--- Material for this exercise Enclosed Below ---

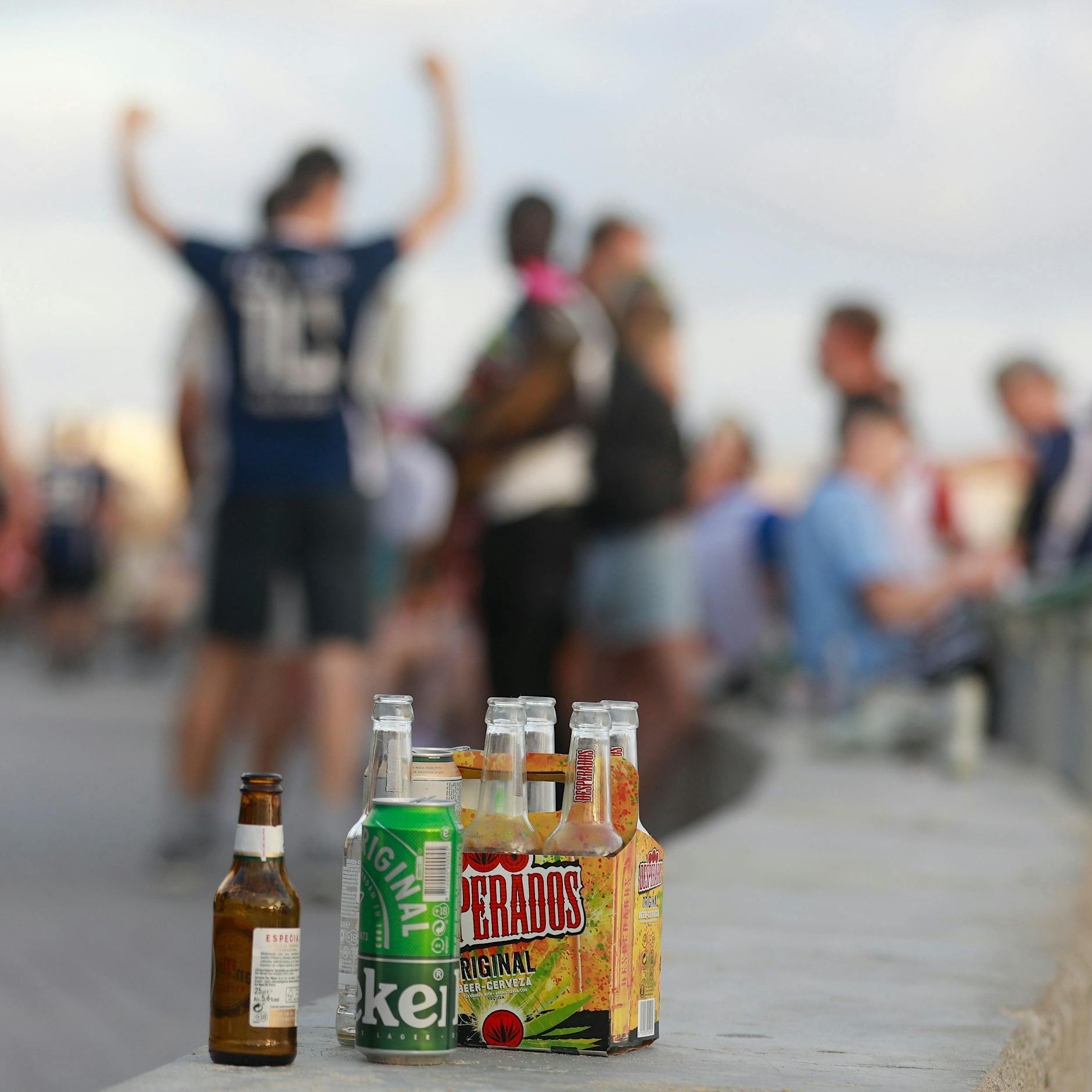 Mallorca verbietet Alkoholkonsum auf offener Straße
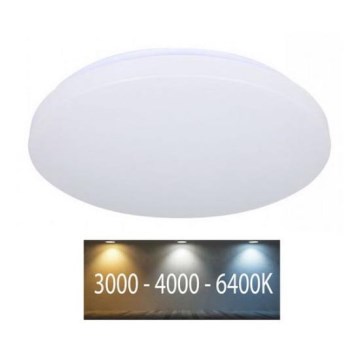 LED Stropna svetilka LED/36W/230V 50 cm 3000K/4000K/6400K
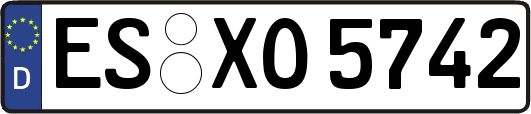 ES-XO5742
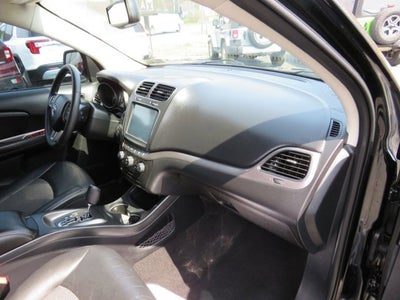 2017 Dodge Journey Crossroad Plus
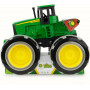 JD Monster Treads Light Wheels 4WD Tractor
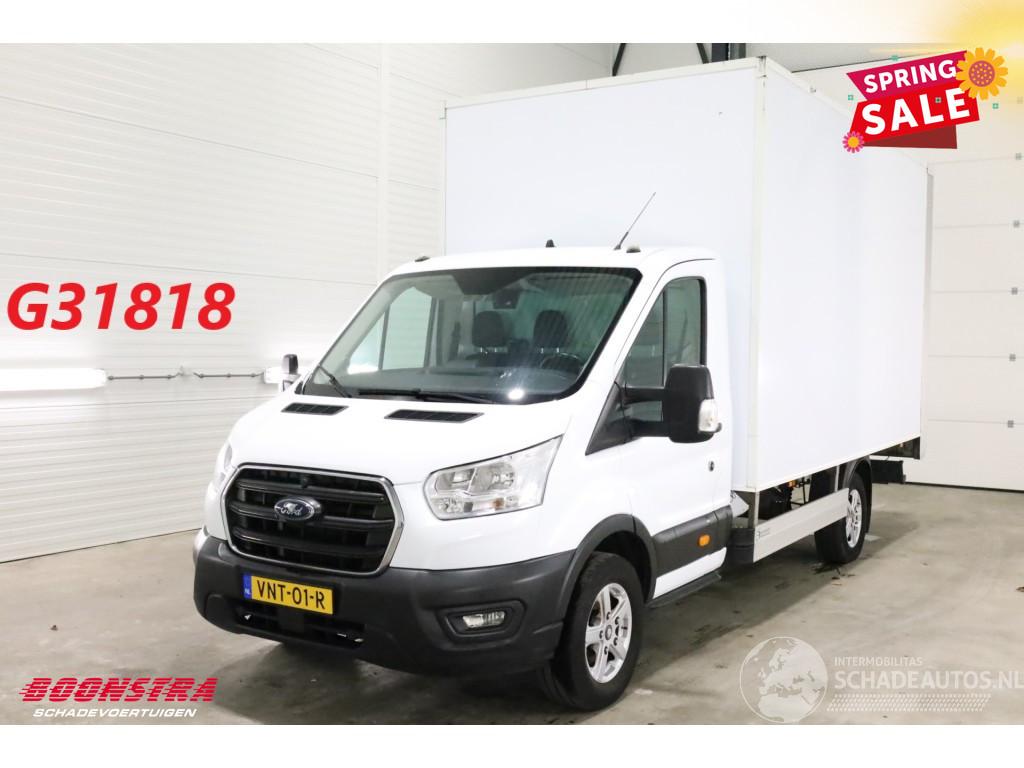 Ford Transit 350 2.0 TDCI LBW Bak-Klep Dhollandia Airco Cruise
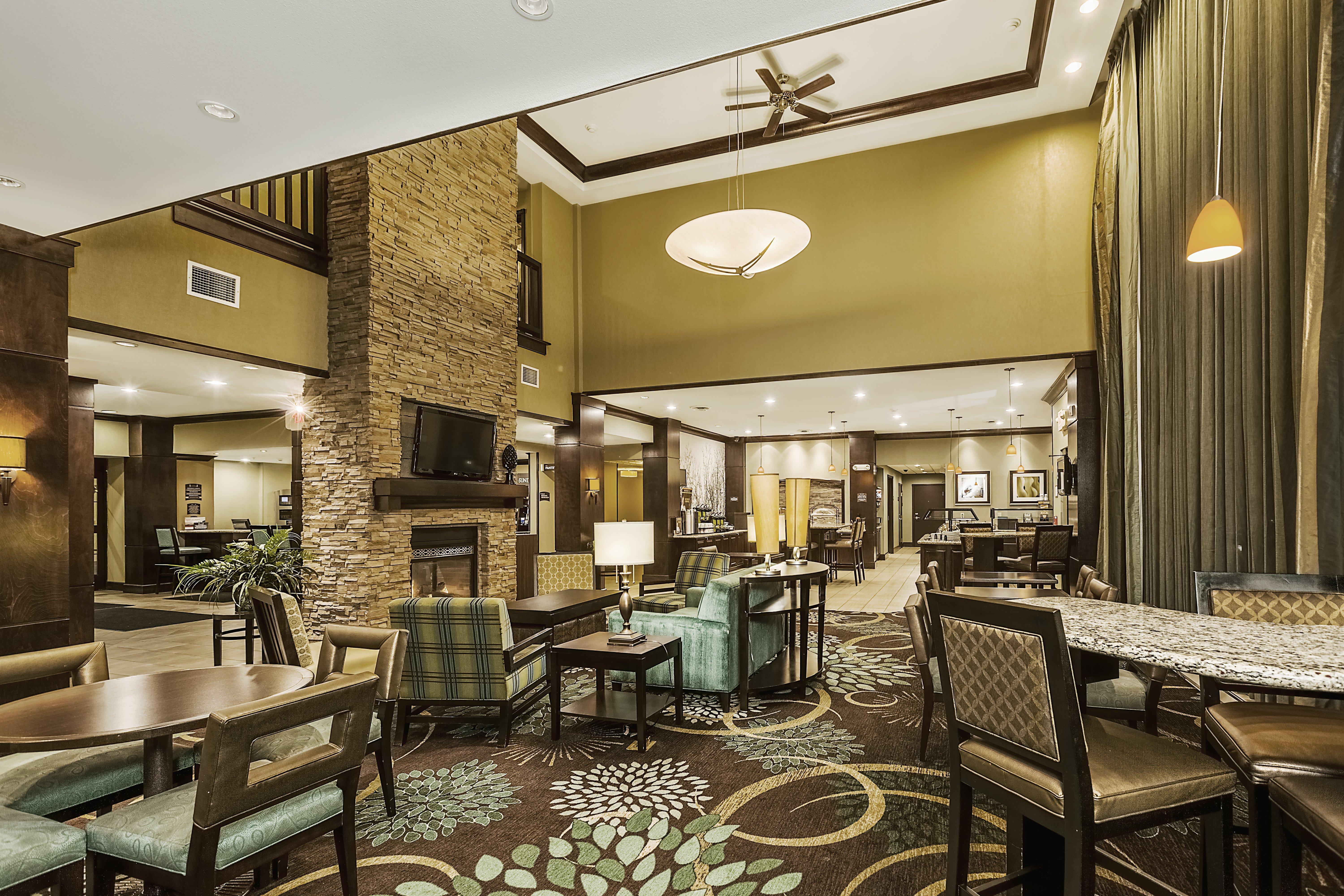 Staybridge Suites Bismarck By Ihg Dış mekan fotoğraf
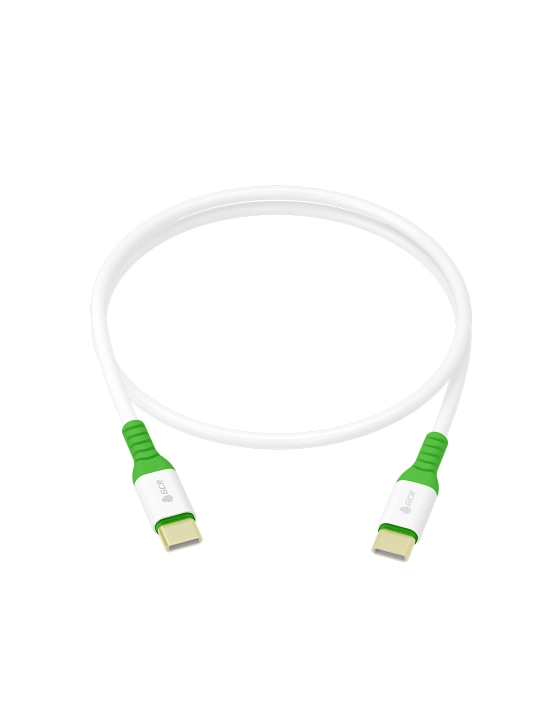 Кабель Type C для быстрой зарядки iPhone 15/16/17, iPad, Pro 11, iPad Air 13 PD 60W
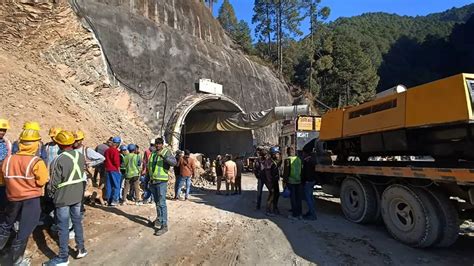 uttarkashi tunnel rescue operation name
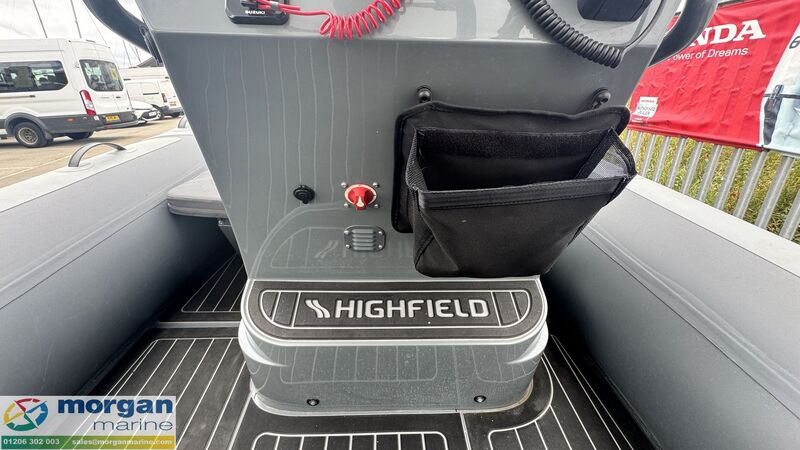  Highfield  Sport 560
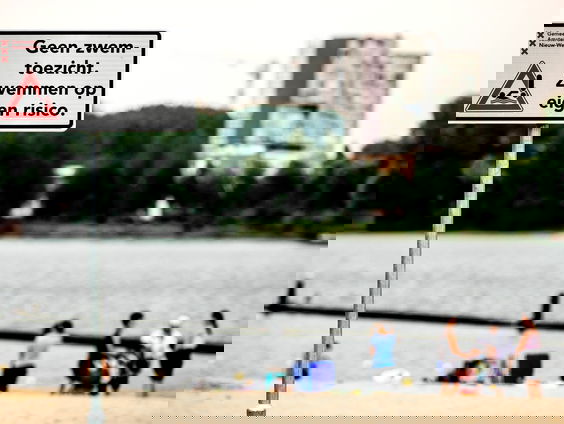 Aantal kinderen dat verdrinkt daalt niet meer, kinderartsen maken zich zorgen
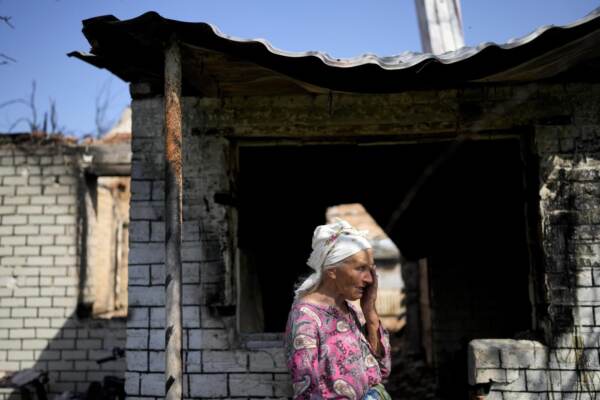 Guerra Ucraina, continuano gli attacchi russi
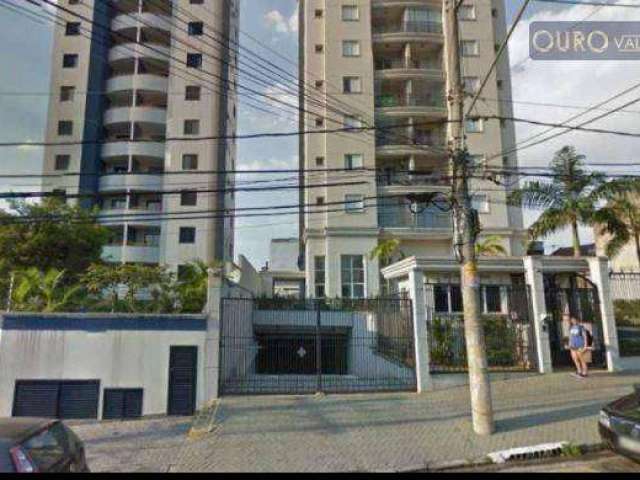 Apartamento residencial à venda, Mooca, São Paulo.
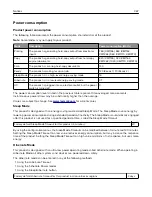 Preview for 367 page of Lexmark XM7100 Series User Manual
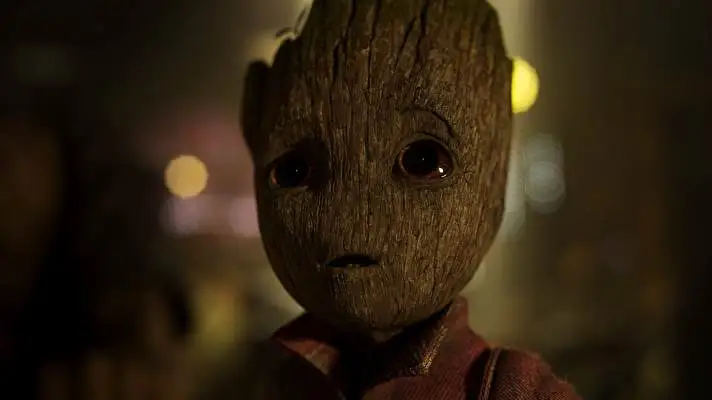 그루트 Windows 10용 테마 슬라이드쇼 이미지 2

--- End of Enclosed Material for this exercise ---

• Prompt:
Give the lines from the one containing "Ford Transit 350" through the last line of the material again, exactly and with no pictures, both ends included.

• Output of the task:
 Ford Transit 350 2.0 TDCI LBW Bak-Klep Dhollandia Airco Cruise
 Staybridge Suites Bismarck By Ihg Dış mekan fotoğraf
 Кабель Type C для быстрой зарядки iPhone 15/16/17, iPad, Pro 11, iPad Air 13 PD 60W
 uttarkashi tunnel rescue operation name
  Highfield  Sport 560
 Aantal kinderen dat verdrinkt daalt niet meer, kinderartsen maken zich zorgen
 Guerra Ucraina, continuano gli attacchi russi
 Apartamento residencial à venda, Mooca, São Paulo.
 Preview for 367 page of Lexmark XM7100 Series User Manual
 그루트 Windows 10용 테마 슬라이드쇼 이미지 2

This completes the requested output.